▸ Your goal
Give the entries back exactly as they stand, but without pictures.

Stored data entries
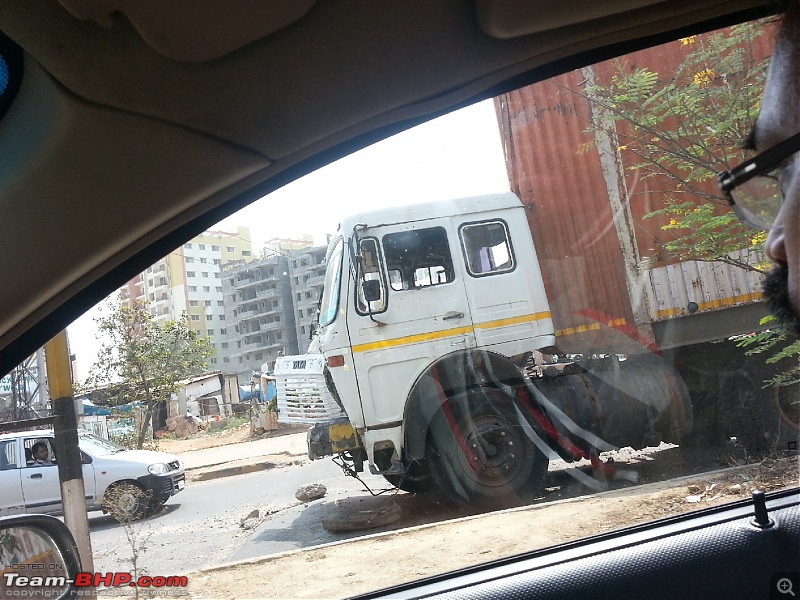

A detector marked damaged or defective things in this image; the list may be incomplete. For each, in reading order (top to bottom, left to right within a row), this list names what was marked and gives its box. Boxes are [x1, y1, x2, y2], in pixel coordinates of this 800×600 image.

detached truck wheel [424, 390, 552, 506]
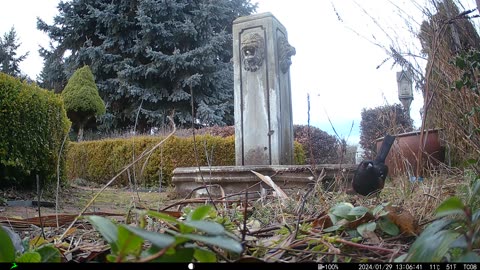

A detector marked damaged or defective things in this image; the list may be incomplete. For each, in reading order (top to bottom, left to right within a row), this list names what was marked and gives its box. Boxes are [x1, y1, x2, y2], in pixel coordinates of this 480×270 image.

rusty metal container [376, 129, 446, 177]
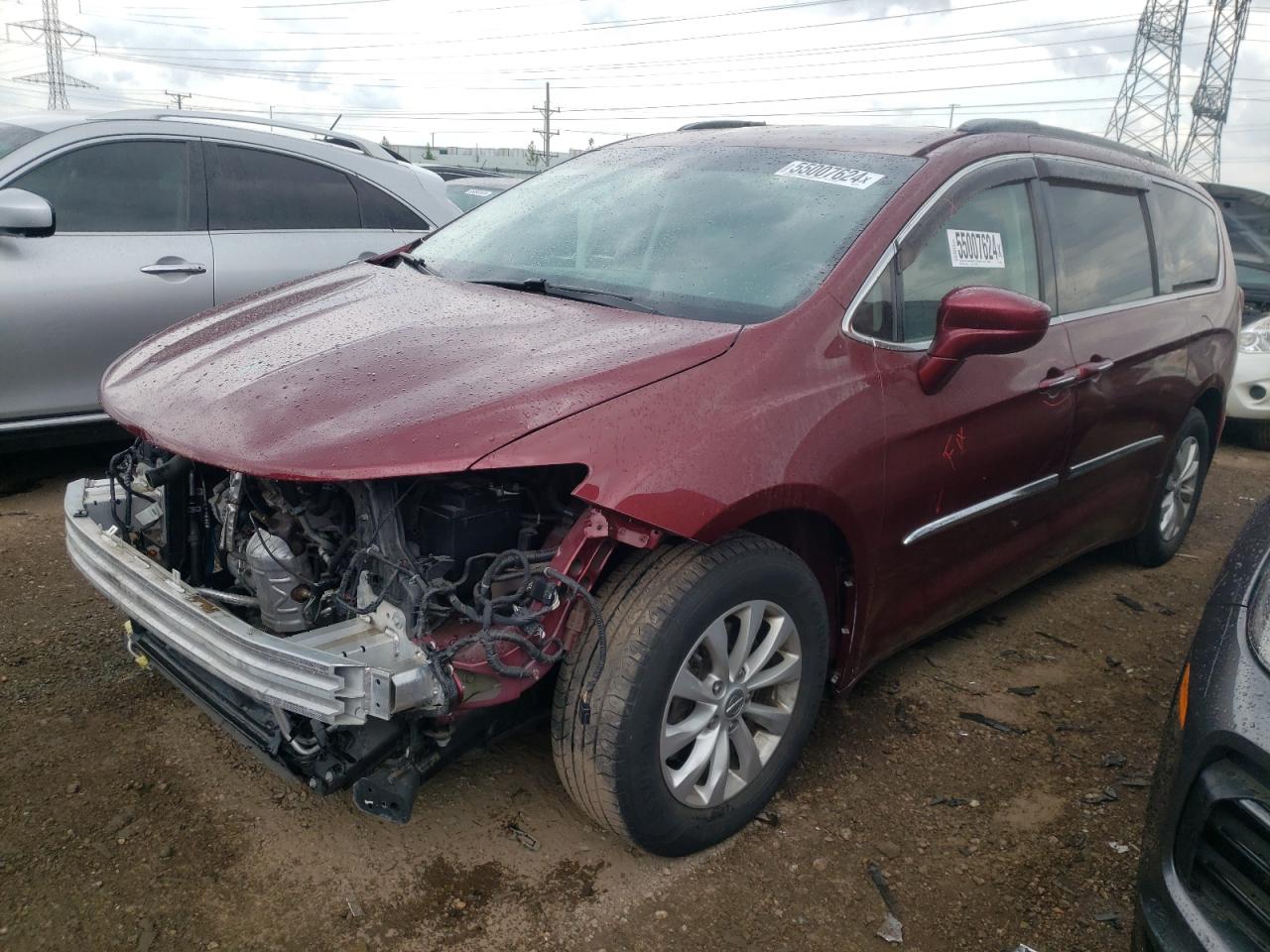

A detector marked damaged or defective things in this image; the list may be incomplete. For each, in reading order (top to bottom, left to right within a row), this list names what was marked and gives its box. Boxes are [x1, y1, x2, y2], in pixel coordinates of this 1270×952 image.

crumpled bumper [68, 480, 452, 726]
crushed front end [64, 442, 643, 821]
bent hood [104, 264, 738, 480]
damaged red minivan [64, 119, 1238, 857]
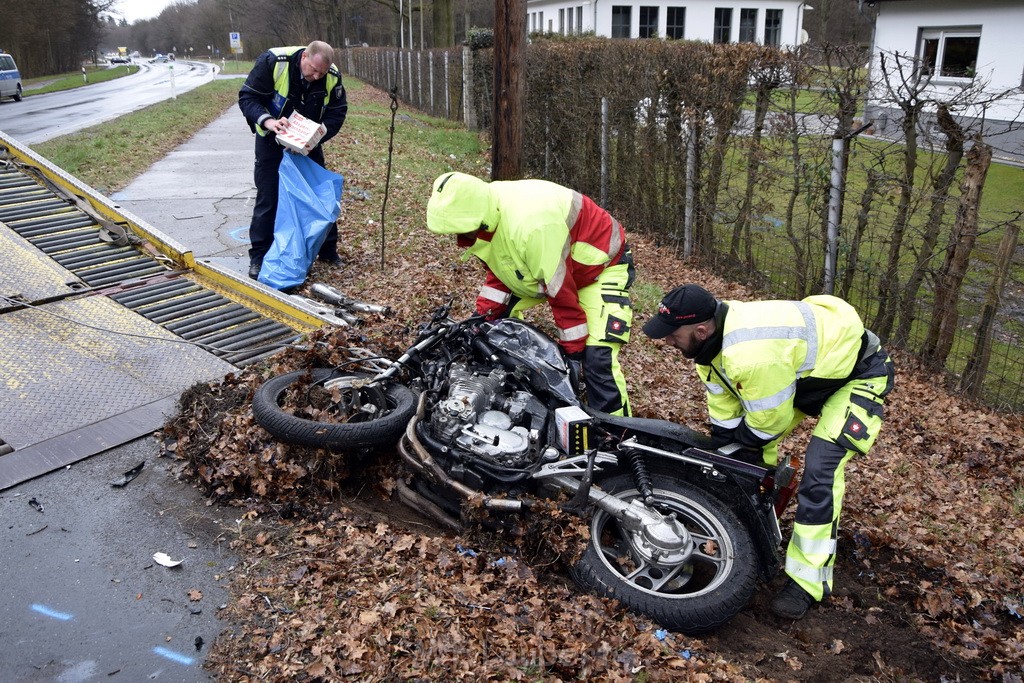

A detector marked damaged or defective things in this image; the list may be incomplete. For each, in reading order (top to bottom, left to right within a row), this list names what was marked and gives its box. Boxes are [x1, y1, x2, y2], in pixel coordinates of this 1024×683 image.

detached wheel [252, 372, 416, 452]
damaged engine [426, 364, 548, 470]
crashed motorcycle [252, 304, 796, 636]
detached wheel [568, 472, 760, 632]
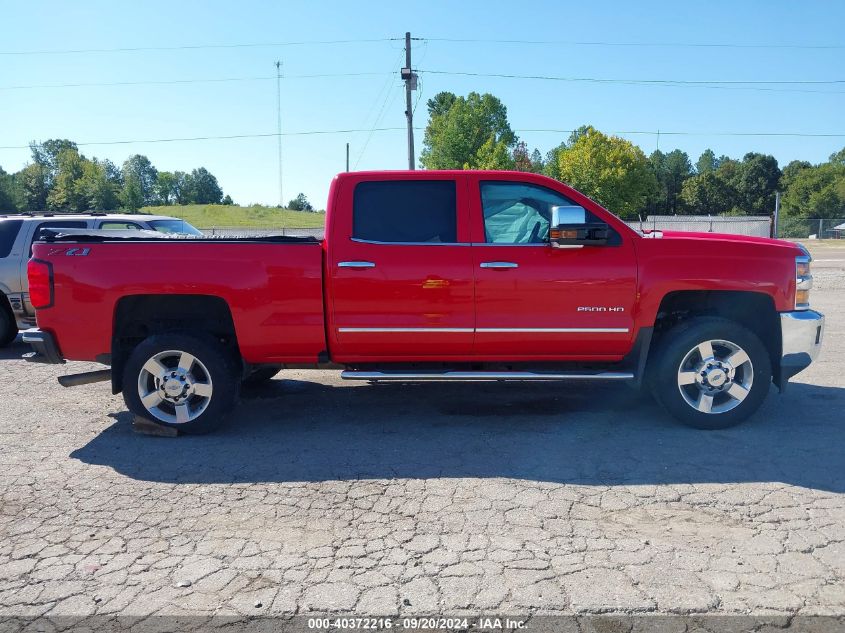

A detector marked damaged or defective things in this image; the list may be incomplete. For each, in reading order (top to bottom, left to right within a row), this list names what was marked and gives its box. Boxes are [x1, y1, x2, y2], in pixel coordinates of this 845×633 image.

cracked asphalt [0, 244, 840, 620]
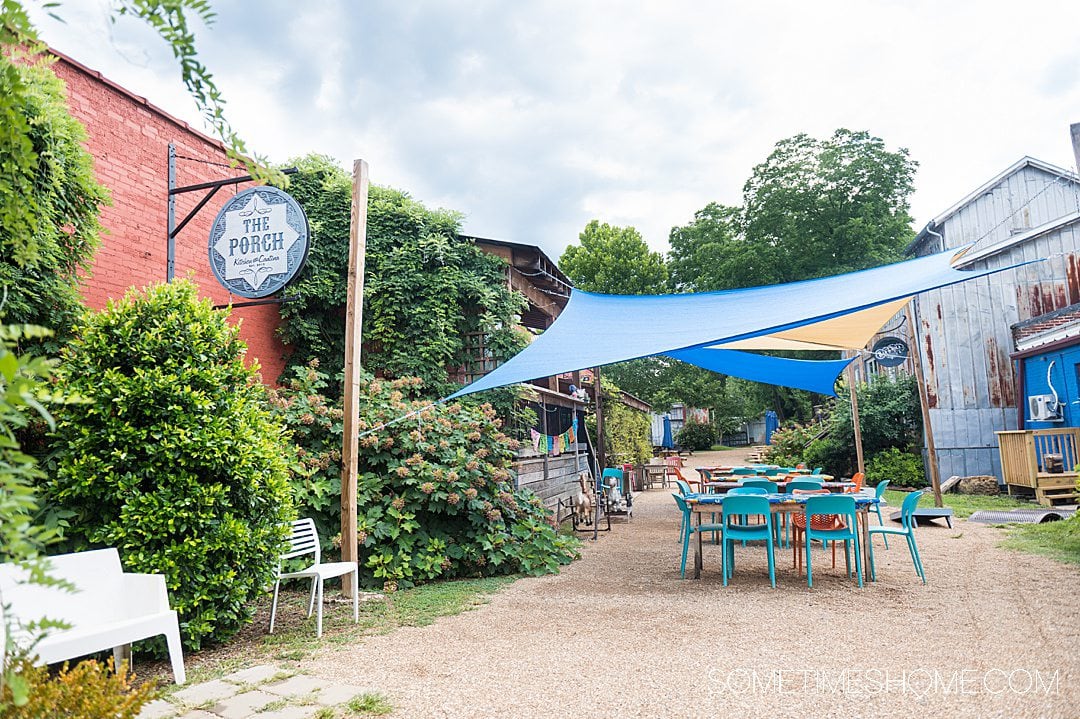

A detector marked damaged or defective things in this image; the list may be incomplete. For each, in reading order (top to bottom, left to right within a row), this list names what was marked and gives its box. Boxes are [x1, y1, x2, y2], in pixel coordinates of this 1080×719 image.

rusted metal siding [911, 164, 1080, 479]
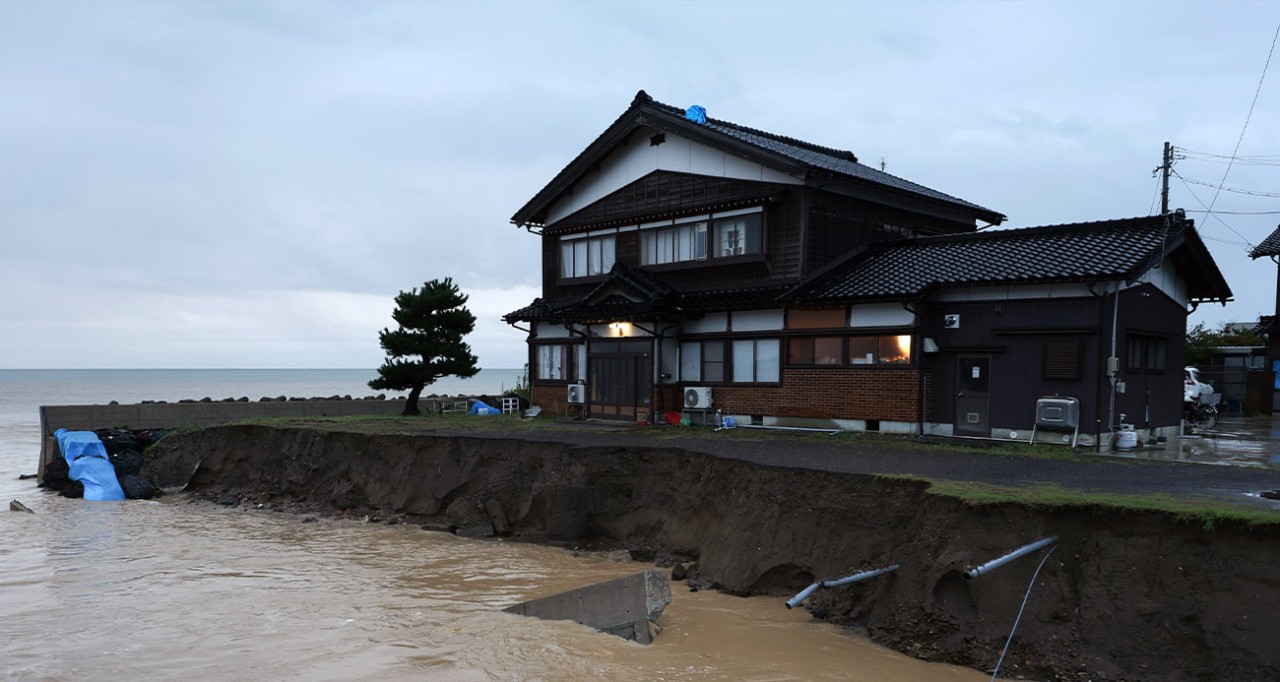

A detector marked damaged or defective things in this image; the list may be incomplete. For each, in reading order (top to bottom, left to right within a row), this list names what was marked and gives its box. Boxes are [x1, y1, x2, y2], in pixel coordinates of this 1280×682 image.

broken concrete slab [504, 568, 675, 642]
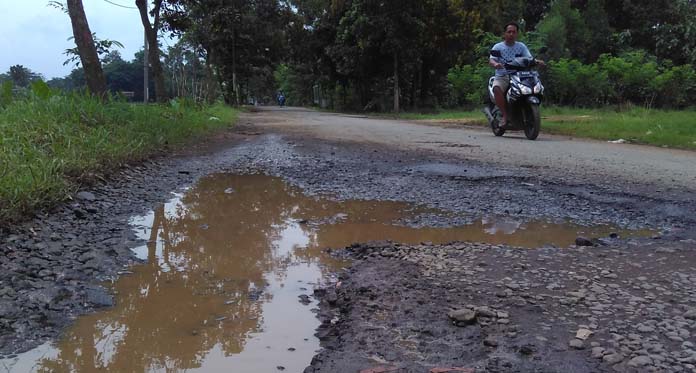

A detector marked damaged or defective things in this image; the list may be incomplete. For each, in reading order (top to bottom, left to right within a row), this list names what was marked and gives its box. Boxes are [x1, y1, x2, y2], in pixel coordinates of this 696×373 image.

large muddy pothole [2, 174, 648, 372]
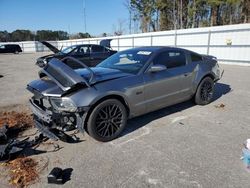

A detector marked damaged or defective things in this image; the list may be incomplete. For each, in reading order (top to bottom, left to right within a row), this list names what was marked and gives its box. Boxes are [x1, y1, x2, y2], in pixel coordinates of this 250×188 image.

front end damage [26, 56, 94, 140]
crumpled hood [27, 66, 132, 97]
damaged ford mustang [26, 46, 224, 142]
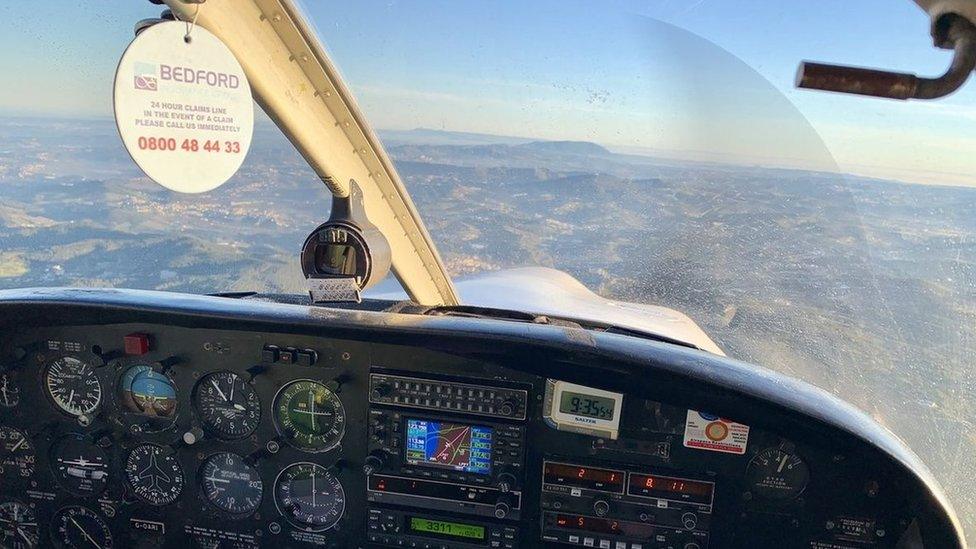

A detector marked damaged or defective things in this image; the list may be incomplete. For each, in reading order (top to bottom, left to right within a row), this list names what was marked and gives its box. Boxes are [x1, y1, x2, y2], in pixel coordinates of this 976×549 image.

rusty metal handle [796, 16, 976, 100]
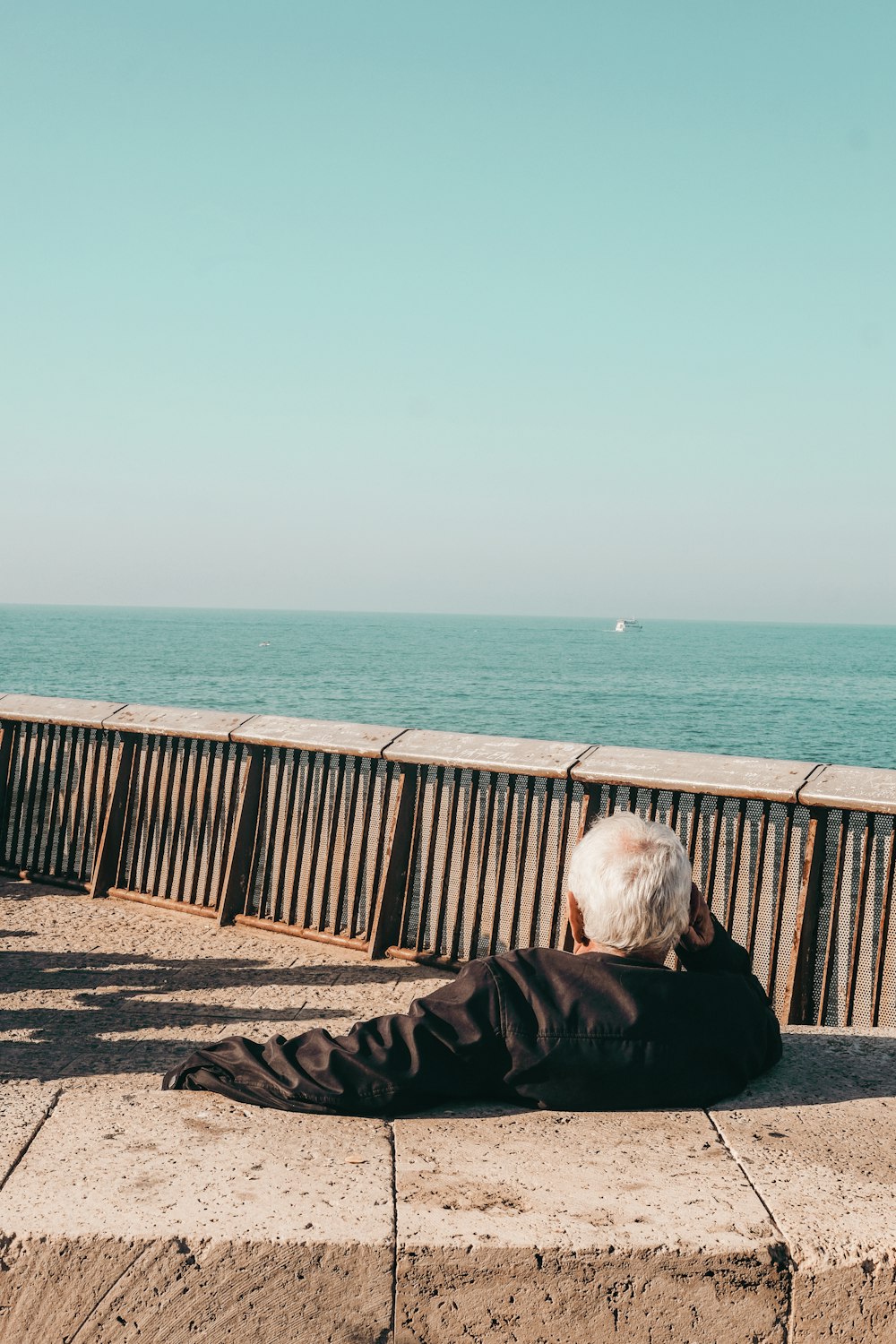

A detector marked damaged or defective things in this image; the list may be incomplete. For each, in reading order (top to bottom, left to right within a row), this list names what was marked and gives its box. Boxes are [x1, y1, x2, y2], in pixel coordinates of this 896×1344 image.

▸ Final answer
A detector marked damaged or defective things in this image; the list may be incomplete. For each, in reading order (top to bottom, left to right within a row), this list names what was marked and gives its box. Boxes are [x1, y1, x2, y2], in pixel coordinates of this 800×600 image.

detached truck wheel [424, 390, 552, 506]

A detector marked damaged or defective things in this image; the list may be incomplete. For each, in reading order (top to bottom, left to right within a row), this list names what was marked and gives its box. Boxes are [x1, y1, x2, y2], in pixel coordinates of this 480×270 image.

rusty metal container [376, 129, 446, 177]

A detector marked damaged or defective things in this image; the list may be incomplete. For each, in reading order (top to bottom, left to right within a row), this list names what was marked and gives its box. Boxes are [x1, y1, x2, y2], in pixel coordinates of this 1270×952 image.

crumpled bumper [68, 480, 452, 726]
crushed front end [64, 442, 643, 821]
bent hood [104, 264, 738, 480]
damaged red minivan [64, 119, 1238, 857]

A detector marked damaged or defective things in this image; the list may be incomplete. For each, in reading order (top to bottom, left to right within a row), this list names what was marked and gives its box. Boxes are [x1, y1, x2, y2], in pixel coordinates of this 1024×683 image.

detached wheel [252, 372, 416, 452]
damaged engine [426, 364, 548, 470]
crashed motorcycle [252, 304, 796, 636]
detached wheel [568, 472, 760, 632]

A detector marked damaged or defective things in this image; the list may be incomplete. For each, in reading order (top to bottom, left to right within a row), this list names what was marked and gives its box. Boxes are [x1, y1, x2, y2], in pixel coordinates of this 845×633 image.

cracked asphalt [0, 244, 840, 620]

A detector marked damaged or defective things in this image; the list may be incomplete. For each, in reading order (top to bottom, left to right within a row), this list names what was marked and gives its box. Boxes are [x1, y1, x2, y2], in pixel coordinates of this 1080×719 image.

rusted metal siding [911, 164, 1080, 479]

A detector marked damaged or defective things in this image; the list may be incomplete. For each, in reading order (top to bottom, left to right within a row), this list names what was marked and gives its box. Boxes are [x1, y1, x2, y2], in pixel coordinates of this 1280×682 image.

broken concrete slab [504, 568, 675, 642]

A detector marked damaged or defective things in this image; the list may be incomplete. For each, in reading order (top to bottom, left to right within a row), this list names what was marked and gives its box. Boxes are [x1, y1, x2, y2], in pixel coordinates of this 696×373 image.

large muddy pothole [2, 174, 648, 372]

A detector marked damaged or defective things in this image; the list may be incomplete. For each, in reading order (top to bottom, left to right within a row), this list names what was marked and gives its box. Boxes are [x1, y1, x2, y2], in pixel coordinates of this 250×188 image.

front end damage [26, 56, 94, 140]
crumpled hood [27, 66, 132, 97]
damaged ford mustang [26, 46, 224, 142]

A detector marked damaged or defective things in this image; the list may be incomplete. For each, in reading order (top to bottom, left to right within a row), this list names what was marked and gives its box. Boxes are [x1, y1, x2, y2], in pixel coordinates of this 976×549 image.

rusty metal handle [796, 16, 976, 100]

A detector marked damaged or defective things in this image; the list may be incomplete. For each, in reading order (top to bottom, left to right within a row), this list names what was marked and gives its box. Boxes are [x1, y1, x2, y2], in pixel coordinates of this 896×1344 image.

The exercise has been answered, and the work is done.